Material provided:
┄┄┄┄┄┄┄┄┄┄┄┄┄┄┄┄┄┄┄┄
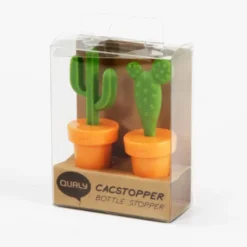 Flaschenstöpsel Kaktus CACSTOPPER 2er-Set
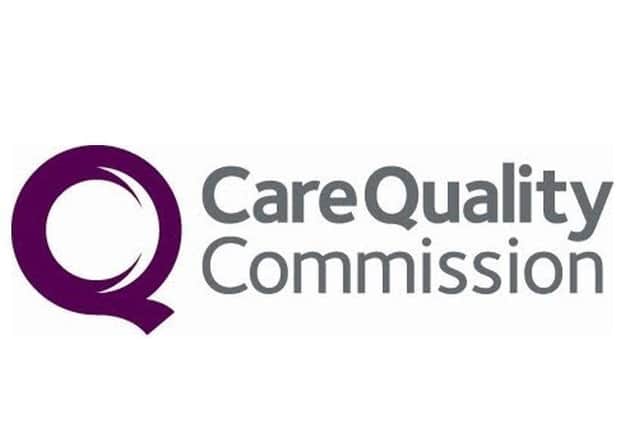 The Care Quality Commission logo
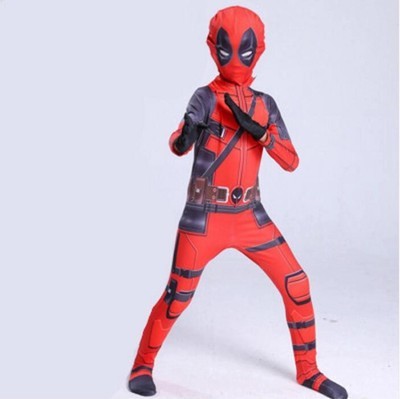 Deadpool tights kids costumes cosplay halloween Deadpool dance clothes anime costumes men - Dashing Nova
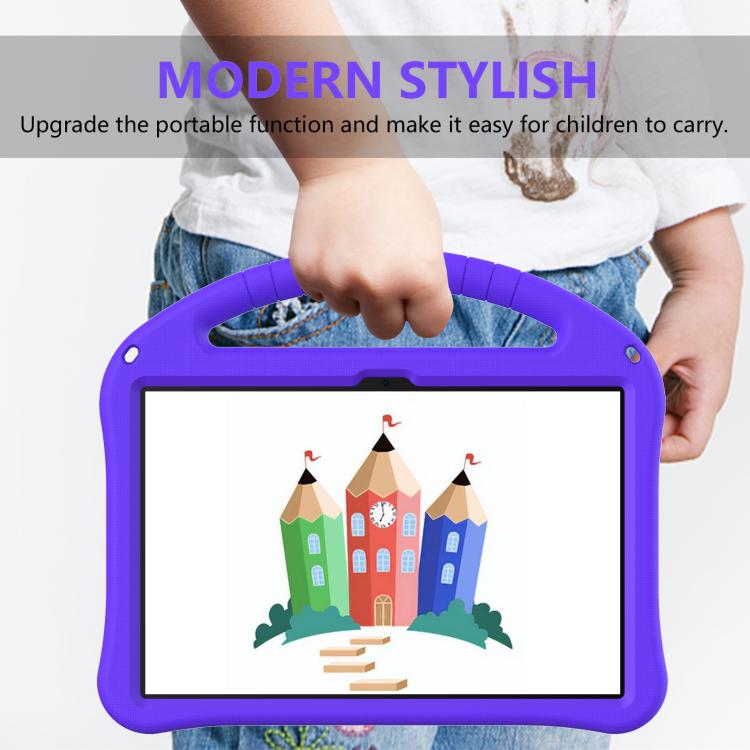 For onn. 10.1 Tablet Gen 4 2024 EVA Shockproof Tablet Case with Holder(Purple) - Others by PMC TechLife | Online Shopping South Africa | PMC TechLife | Buy Now Pay Later Mobicred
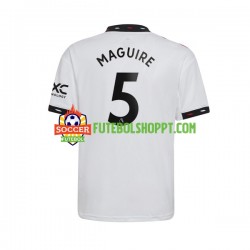 Camisola Homem Manchester United Harry Maguire 5 Alternativa Equipamento 2022-2023 Manga Curta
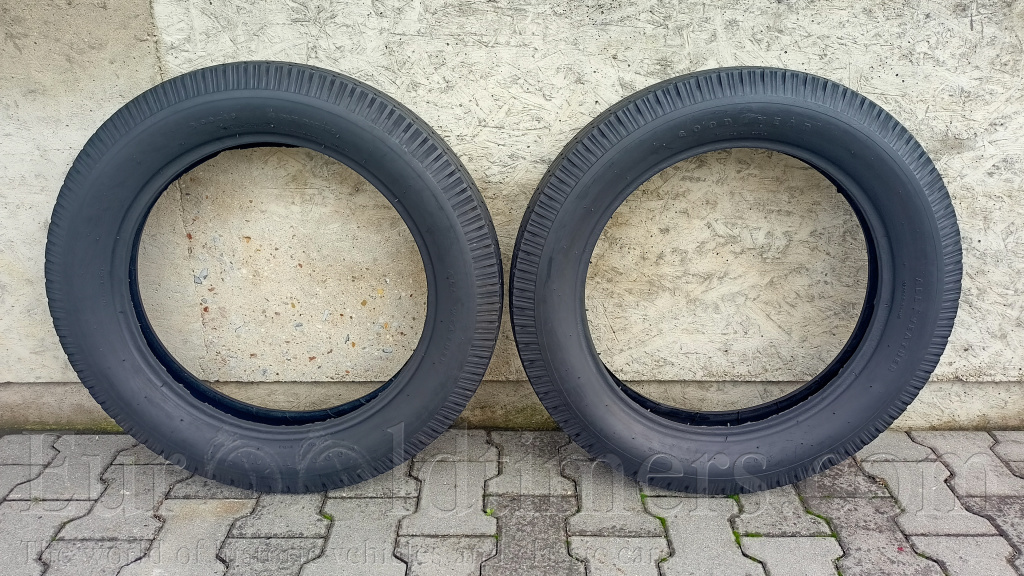Historické pneu 5,00 – 19 Good Year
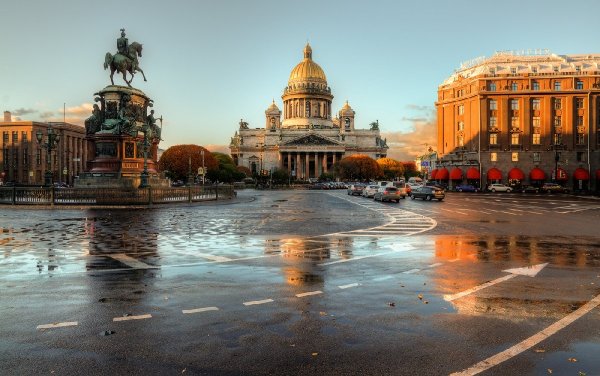 Исаакиевская площадь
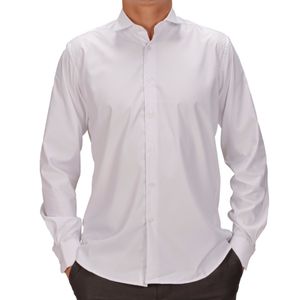 Camisa m/l blanca vila finzi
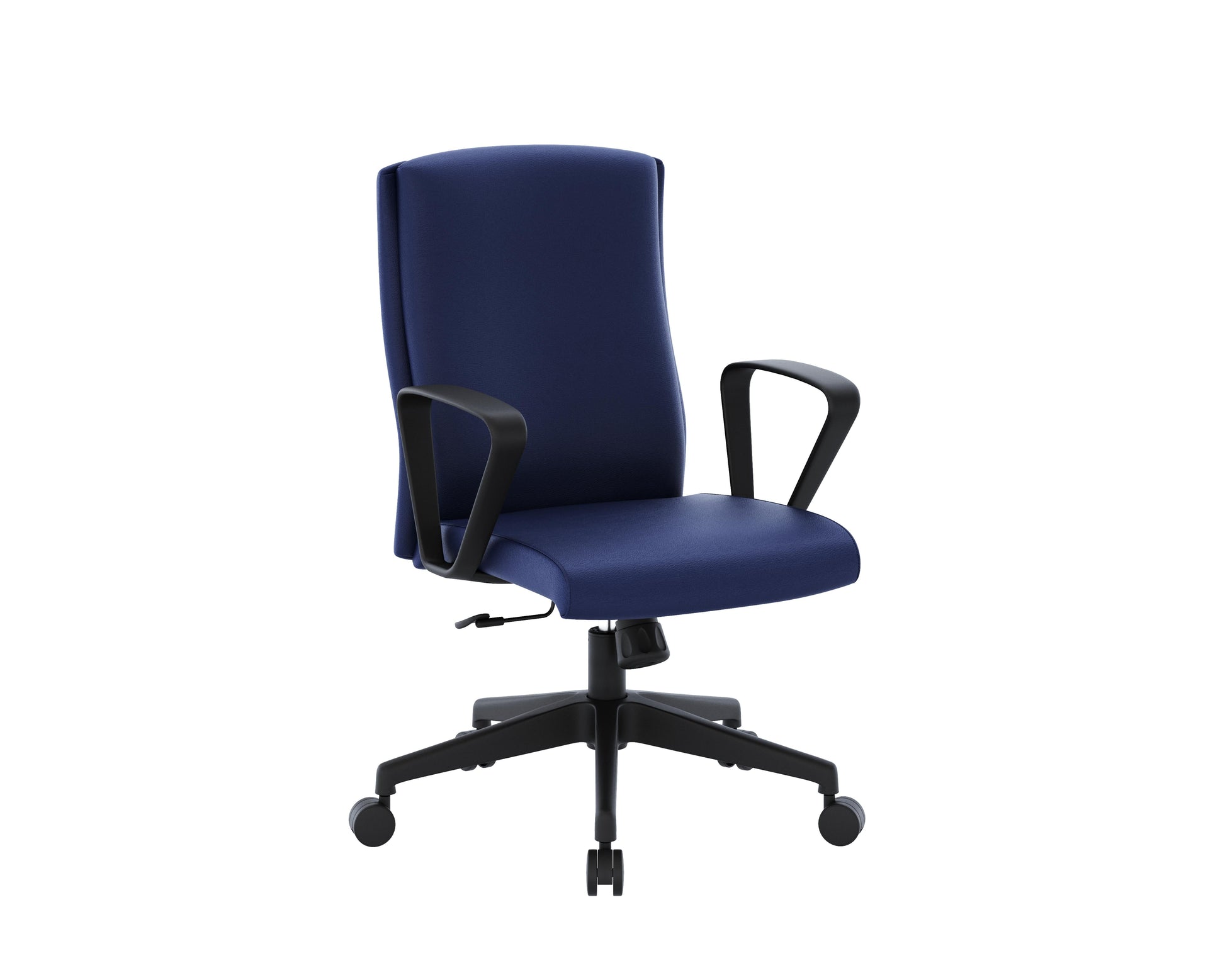 HOF TORO N 5006 Medium Back Executive Chair with Leatherite Backrest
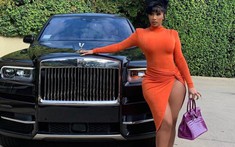 Không có bằng lái xe, nữ ca sỹ Cardi B vẫn được tặng SUV siêu sang Rolls-Royce Cullinan mới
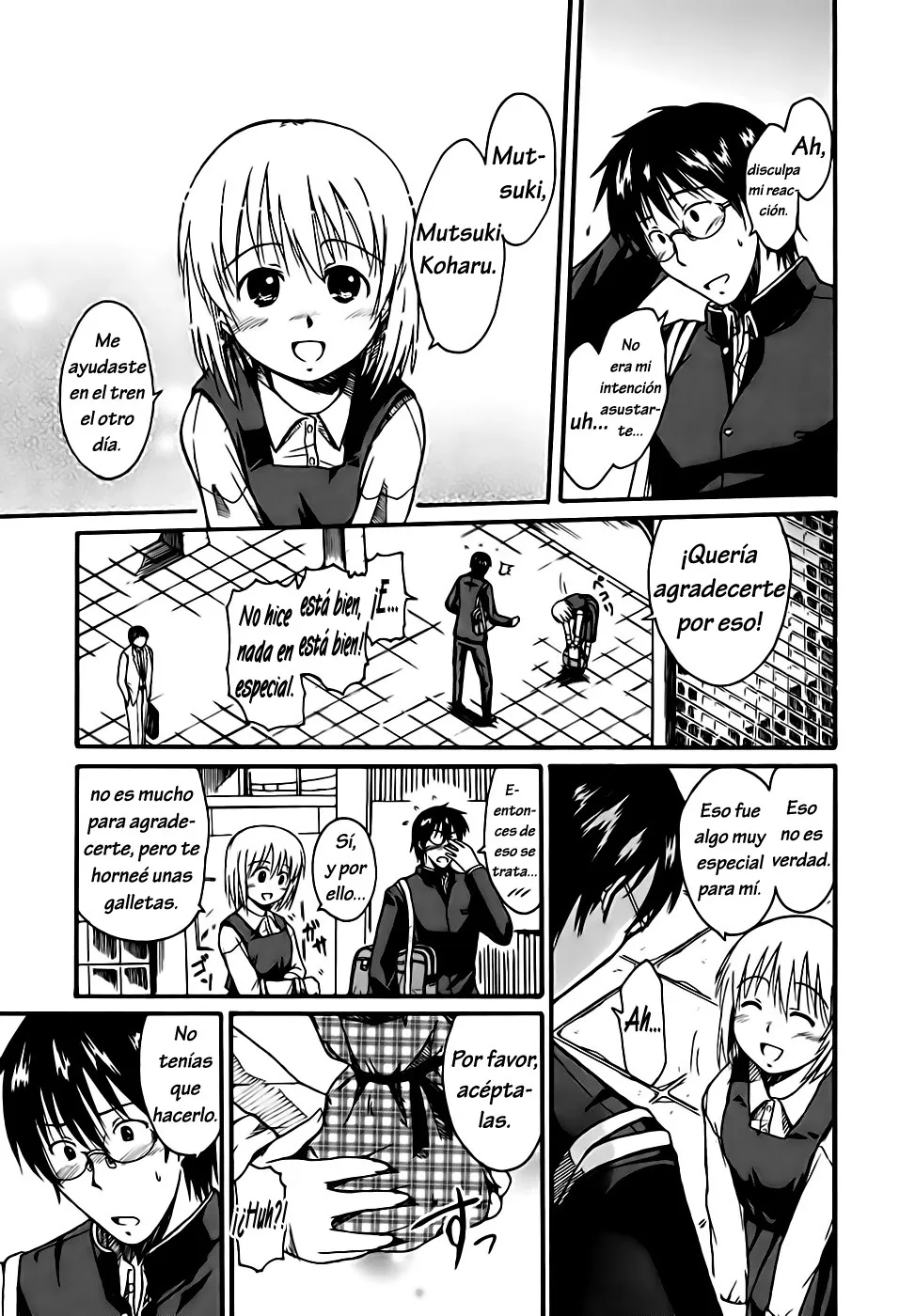 Koharu no Hibi Capítulo 1 en Línea - página 12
┄┄┄┄┄┄┄┄┄┄┄┄┄┄┄┄┄┄┄┄
Task goal:
For this exercise, transcribe exactly only the lines from the one containing "Исаакиевская площадь" through the end of the listing, inclusive, without the pictures.

Task result:
 Исаакиевская площадь
 Camisa m/l blanca vila finzi
 HOF TORO N 5006 Medium Back Executive Chair with Leatherite Backrest
 Không có bằng lái xe, nữ ca sỹ Cardi B vẫn được tặng SUV siêu sang Rolls-Royce Cullinan mới
 Koharu no Hibi Capítulo 1 en Línea - página 12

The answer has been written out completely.